REPORT OF THE TASKFORCE
The following is a brief synopsis of some of the proposed amendments to the Code. Apart from some of the other structural changes, certain key issues/concerns which form the basis of these recommendations are listed below:

    Applicability of the Code:
  • The Code and the recommendations for changes therein shall continue to be applicable to listed companies only. However, for companies other than listed companies, PICG's Taskforce strongly recommends that the Code should be made applicable to all other public unlisted companies that are not yet covered by the present Code of Corporate Governance. There is a need for a mechanism that ensures competitive neutrality and provides a governance structure to these (non-listed) companies. After having to address numerous queries in relation to the applicability of the Code to unlisted companies the Taskforce is of the opinion that it is essential to introduce the definition of a Public Interest Entity, which aims to capture all those bodies which would otherwise not fall in the category of a listed company but would be required to apply the provisions of the Code so as to have a better governance structure and regime. The Taskforce therefore has formulated the following definition for 'Public Interest Entity', which means an entity or company not being a listed company which:

    - is a corporation or company formed under any law in force and owned, wholly or partly, or controlled, whether directly or indirectly, by the Federal Government or a Provincial Government or the Chairman and/or the Chief Executive Officer or directors on the Board of Directors thereof are nominated or appointed by the Federal Government or a Provincial Government, as the case may be,or
    - is subject to any of the two following conditions:
    - has a paid up capital plus undistributed reserves of Rupees 500 million or more;
    - has an annual turnover of not less than Rupees 01 billion;
    - has total assets exceeding Rupees 1.50 billion as per the latest audited financial statements;

    Having an effective regulatory framework for non-listed companies would be one of the most important sources of corporate governance in Pakistan.
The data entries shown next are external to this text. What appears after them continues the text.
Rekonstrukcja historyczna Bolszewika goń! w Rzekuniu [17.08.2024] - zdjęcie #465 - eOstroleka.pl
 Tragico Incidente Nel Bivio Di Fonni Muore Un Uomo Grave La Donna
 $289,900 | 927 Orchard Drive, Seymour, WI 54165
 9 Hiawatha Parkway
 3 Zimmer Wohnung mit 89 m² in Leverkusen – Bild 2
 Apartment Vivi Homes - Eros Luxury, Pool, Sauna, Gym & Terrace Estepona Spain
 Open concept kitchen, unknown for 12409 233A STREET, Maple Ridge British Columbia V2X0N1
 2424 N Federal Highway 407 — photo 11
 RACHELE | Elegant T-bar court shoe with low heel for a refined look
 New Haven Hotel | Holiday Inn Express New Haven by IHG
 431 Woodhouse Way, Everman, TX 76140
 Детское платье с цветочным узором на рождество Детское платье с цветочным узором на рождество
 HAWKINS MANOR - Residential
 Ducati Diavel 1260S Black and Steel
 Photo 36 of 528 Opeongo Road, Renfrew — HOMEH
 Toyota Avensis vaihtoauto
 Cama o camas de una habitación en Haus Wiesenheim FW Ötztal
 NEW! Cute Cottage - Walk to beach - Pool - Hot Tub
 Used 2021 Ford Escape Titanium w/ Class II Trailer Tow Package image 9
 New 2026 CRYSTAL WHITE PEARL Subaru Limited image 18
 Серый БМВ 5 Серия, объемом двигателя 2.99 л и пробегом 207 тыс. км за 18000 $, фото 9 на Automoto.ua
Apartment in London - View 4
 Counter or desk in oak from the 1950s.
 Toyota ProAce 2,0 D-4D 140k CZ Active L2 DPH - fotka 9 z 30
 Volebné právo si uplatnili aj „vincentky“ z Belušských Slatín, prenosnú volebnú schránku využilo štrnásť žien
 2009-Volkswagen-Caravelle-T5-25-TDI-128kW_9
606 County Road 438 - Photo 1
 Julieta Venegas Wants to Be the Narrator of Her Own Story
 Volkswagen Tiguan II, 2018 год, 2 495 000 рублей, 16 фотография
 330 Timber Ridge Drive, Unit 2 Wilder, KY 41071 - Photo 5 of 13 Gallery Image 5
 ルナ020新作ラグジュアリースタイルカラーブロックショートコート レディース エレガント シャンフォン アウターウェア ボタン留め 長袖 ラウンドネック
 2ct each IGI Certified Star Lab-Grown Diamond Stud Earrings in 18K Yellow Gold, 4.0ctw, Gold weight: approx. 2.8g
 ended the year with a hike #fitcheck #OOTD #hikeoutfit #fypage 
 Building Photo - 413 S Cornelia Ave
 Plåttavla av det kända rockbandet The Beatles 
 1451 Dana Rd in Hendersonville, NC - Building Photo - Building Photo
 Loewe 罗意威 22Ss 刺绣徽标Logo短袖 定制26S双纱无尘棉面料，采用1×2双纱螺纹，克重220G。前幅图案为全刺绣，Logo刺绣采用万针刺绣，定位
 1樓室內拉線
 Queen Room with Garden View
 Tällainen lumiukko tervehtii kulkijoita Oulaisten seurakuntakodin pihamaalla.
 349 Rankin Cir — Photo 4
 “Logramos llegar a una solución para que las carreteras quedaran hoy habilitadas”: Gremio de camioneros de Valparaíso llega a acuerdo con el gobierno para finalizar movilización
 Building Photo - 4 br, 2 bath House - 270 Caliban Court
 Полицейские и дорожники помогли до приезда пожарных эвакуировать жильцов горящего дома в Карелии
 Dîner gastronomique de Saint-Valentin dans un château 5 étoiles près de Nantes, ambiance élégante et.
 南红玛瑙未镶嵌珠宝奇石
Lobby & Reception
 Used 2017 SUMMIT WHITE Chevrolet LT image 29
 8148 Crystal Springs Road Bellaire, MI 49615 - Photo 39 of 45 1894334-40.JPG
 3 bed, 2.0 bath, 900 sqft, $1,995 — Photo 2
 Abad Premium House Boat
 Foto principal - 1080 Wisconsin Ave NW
As an alternative, optional guidelines could also be developed inorder to supplement the existing corporate governance framework. In this regard, PICG would be pleased to develop separate guidelines for the non-listed companies which shall essentailly cover areas specific to these companies only. This will no doubt have a positive effect on the development of Good Corporate Governance regime.

  • Board of Directors:
  • The amendments proposed recognize that there must be a balance of executive and non executive directors on the board; in particular, emphasis is placed on the representation of independent directors and those representing minority interests. This is to ensure that the board includes directors who can exercise independent judgment since independent directors are not controlled by the dominant stakeholders and the management of the company. The Taskforce has additionally proposed a rather comprehensive and thorough definition of an 'Independent Director'.
  • It is also proposed that, independent directors should represent not less than 1/3rd or 3, whichever is higher of the total members of the board. The percentage of independent directors needs to be increased and their names disclosed in the Annual Report. Such a mix is essential for the protection of interests of all stake holders.
  • In accordance with the above recommendation, the proportion of the executive directors (including the CEO) should not be more than 1/3rd of the elected directors. This is to ensure effective representation of non-executive directors including independent directors on the board.